The wind is high and the flowers exploding. It’s gorgeous up here as I lose sight completely of the river and eventually of the town. I leave my raincoat off as long as I can, but the mountains across the river are a gray blur and it’s coming for me.

The rain patters on me but I move along happily in this glorious canyon, eventually cresting and beginning to descend. Below I see a trestle bridge for the railroad glistening from a few stray sun rays.

Down and down on zigzags and over one wash after another. Beyond the bridge is a ranch and I soon reach two gates and some mooing cows. The grass is thick and wet and I may be close to the river but it’s sandy and filled with brush pushed here by floods.

It’s still early and I want to close the gap to my water for tomorrow morning. The rain lets up and I take down my hood as I head up again away from the river.

And that’s when it really begins to rain.

Each episode today was short and over quickly. Now it appears to have settled in. The surrounding mountains are grayed out as if blurred focus and, while I’m not cold, this is far from pleasant.

The other issue is the jacket does not seem to seal at the neck and I am creating a V of damp on my hiking shirt.

It’s still beautiful but so dark, it feels much later than it is. Since it will be dark by 7, I tend to make 5 my time to look for a camp spot in earnest. But even an hour early, I keep my eyes open for an appropriate spot in this steep, rocky terrain.

Just as I’m beginning to feel spooked out by the dark and my solitude, a family of three carrying umbrellas pops around the corner. We have a laugh seeing each other and take photos. They have bern out a few days and haven’t seen a single person.

It always cheers me to see others out in it. The man was wearing a bright blue rain skirt and the daughter rain pants, but the wife was like me, just letting her pants get soaked. I figure if they are happy in it and managing so can I.

I tell them that I’ve told the heavens that’s enough rain, the flowers and cacti are happy. You can stop and then send wind, please.

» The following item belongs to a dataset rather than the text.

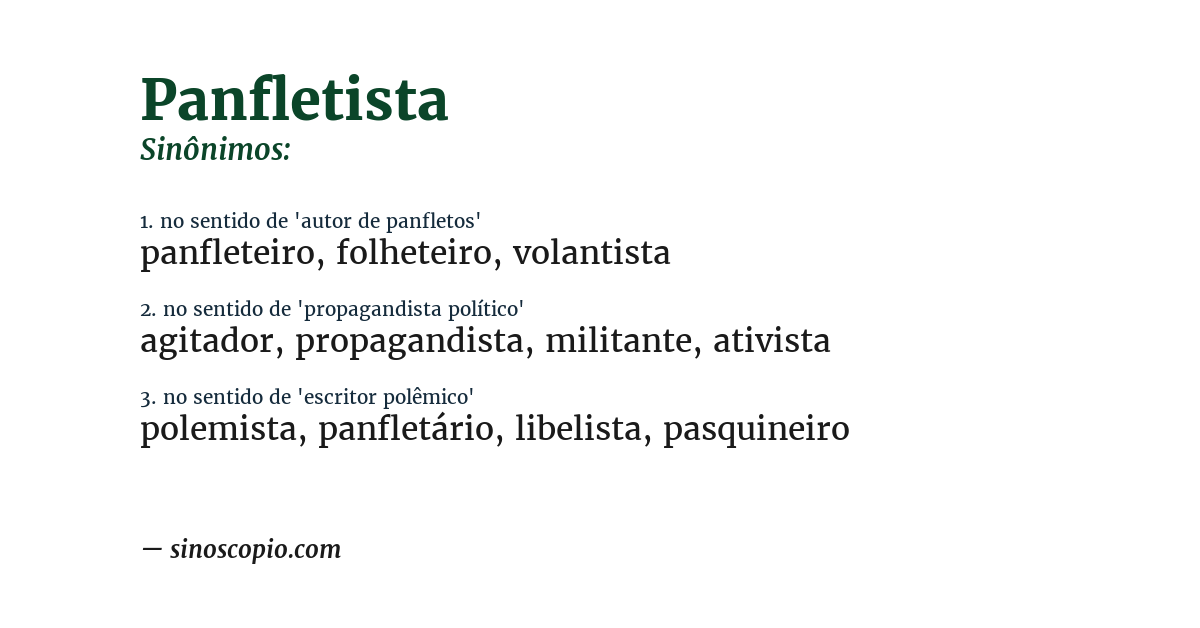 Sinônimo de panfletista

We wish each other luck and it’s up steeply again, then down to a wash where I see a campfire ring. Washes can be good places to camp because they’re flat but it gives me the creeps somehow, down out of sight where water pools.

So I keep moving. But it’s up again on steep rocky cliffs – and the heavens did not get the memo.

I look and look for something flat, not too rocky, not right at the edge. I think I find something that might work just below with a small climb on lose rock.

The rain keeps falling and I don’t like it. 5:30 now, not a lot more time to keep walking but maybe ahead just one mile seems slightly less steep. I climb back up the loose stones to the trail and walk about ten feet when right there is a camp spot, flat, wide, cleared of stones.

I check where I am and it’s exactly where I had hoped to get to this afternoon, mile 270, just 4 miles away from the water access and easily done in the morning with just one liter for breakfast.

And just like that, the heavens listen up and stop the rain so I can set everything up in the dry. I’m gifted with a rainbow along with a couple hooting owls. Paradise!

Of course, as I make dinner, I get one more blast of rain. It’s short but assuring me who’s boss.

I cuddle in, warm and dry and eventually the crescent moon appears and even a few stars.